- [Task directions]: From the listing below, count the lines that contain the string "National", then state only that number.

-- Opening Marker --

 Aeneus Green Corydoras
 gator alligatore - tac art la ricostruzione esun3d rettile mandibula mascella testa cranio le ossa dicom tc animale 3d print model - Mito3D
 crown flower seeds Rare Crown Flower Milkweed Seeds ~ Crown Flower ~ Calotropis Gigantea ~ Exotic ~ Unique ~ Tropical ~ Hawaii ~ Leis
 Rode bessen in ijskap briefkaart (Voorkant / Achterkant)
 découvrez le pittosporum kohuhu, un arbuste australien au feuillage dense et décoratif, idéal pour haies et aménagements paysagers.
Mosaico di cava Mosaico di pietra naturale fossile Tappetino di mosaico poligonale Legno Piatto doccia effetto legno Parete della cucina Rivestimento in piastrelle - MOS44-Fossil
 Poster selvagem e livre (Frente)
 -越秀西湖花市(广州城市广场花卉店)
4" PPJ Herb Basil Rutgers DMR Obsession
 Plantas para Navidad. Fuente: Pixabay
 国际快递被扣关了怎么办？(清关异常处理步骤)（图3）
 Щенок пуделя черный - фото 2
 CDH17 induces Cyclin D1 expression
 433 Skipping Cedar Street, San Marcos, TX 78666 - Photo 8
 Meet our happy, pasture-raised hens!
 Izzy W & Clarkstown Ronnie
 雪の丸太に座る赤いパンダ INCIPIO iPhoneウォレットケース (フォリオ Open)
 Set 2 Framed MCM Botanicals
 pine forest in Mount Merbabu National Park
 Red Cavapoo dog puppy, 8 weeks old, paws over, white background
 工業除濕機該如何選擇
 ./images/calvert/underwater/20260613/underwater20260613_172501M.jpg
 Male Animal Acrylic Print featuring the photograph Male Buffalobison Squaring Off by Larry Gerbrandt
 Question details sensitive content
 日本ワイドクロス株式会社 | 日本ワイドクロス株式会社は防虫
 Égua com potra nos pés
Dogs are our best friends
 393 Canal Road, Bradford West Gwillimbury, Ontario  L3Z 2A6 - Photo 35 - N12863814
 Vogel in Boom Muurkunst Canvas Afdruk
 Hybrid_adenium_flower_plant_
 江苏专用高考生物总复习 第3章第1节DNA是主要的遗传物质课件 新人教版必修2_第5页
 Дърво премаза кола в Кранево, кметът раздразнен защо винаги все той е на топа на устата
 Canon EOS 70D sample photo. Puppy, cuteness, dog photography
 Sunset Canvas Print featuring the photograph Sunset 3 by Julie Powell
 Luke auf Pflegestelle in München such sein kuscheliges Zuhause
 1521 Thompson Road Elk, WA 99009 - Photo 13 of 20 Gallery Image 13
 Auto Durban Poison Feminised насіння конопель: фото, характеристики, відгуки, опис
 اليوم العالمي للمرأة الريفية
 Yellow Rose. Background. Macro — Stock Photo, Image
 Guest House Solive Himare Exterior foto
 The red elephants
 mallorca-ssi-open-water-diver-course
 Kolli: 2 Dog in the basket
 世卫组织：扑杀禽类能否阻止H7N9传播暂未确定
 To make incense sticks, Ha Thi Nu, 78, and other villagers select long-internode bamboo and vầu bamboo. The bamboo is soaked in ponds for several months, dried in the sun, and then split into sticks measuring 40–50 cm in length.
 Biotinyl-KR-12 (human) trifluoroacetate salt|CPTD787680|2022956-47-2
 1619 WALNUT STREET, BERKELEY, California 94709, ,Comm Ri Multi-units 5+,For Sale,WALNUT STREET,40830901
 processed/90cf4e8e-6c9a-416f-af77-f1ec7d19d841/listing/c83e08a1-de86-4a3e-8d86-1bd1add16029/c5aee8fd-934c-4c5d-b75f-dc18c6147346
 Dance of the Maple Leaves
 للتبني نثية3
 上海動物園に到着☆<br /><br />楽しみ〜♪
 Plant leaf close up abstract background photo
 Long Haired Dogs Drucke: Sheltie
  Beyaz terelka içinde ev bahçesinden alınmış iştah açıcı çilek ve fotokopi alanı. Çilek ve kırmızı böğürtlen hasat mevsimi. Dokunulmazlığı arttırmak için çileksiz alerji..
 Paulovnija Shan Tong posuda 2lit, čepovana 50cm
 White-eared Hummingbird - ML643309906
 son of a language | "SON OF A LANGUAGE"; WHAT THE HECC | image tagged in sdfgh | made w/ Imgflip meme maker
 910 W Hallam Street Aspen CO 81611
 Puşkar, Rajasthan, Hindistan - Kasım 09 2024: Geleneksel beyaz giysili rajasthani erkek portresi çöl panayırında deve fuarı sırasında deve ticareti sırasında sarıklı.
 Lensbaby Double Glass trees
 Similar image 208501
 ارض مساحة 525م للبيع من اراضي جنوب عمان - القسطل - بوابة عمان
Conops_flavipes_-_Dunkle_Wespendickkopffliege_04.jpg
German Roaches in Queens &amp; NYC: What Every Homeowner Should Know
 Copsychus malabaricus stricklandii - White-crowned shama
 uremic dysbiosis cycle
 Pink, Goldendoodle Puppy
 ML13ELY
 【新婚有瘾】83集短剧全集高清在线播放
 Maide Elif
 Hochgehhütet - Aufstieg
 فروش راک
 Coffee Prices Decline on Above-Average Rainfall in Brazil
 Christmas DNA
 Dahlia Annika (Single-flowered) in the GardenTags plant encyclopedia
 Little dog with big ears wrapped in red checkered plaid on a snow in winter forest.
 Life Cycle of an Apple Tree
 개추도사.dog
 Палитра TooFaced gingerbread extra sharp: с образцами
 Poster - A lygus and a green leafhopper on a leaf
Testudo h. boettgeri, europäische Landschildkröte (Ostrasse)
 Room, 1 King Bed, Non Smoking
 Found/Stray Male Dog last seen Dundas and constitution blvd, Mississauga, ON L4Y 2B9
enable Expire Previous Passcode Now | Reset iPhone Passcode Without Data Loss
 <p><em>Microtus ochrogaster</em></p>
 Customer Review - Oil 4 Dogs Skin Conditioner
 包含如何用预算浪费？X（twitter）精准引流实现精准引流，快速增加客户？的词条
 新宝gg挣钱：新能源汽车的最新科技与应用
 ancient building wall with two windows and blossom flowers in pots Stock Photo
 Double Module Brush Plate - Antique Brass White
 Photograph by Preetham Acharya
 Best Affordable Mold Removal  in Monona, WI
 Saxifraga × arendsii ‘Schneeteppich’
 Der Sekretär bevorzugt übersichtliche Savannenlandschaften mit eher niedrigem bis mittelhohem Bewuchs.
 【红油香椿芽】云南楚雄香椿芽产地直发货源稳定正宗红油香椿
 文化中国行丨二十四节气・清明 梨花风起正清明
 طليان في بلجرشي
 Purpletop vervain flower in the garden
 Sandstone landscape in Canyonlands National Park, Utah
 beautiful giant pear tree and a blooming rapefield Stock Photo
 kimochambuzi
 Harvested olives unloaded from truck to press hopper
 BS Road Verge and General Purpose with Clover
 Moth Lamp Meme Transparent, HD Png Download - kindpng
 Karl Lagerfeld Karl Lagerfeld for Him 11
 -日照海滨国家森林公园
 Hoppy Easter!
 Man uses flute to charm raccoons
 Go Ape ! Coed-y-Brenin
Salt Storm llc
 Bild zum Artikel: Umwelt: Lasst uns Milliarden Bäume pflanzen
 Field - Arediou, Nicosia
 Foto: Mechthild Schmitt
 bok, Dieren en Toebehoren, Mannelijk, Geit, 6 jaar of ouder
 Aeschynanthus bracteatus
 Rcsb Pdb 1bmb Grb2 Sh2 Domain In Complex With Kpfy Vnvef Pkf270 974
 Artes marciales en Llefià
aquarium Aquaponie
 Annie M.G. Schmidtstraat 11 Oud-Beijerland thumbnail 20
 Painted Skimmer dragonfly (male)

-- Closing Marker --

- [Written reply]: 2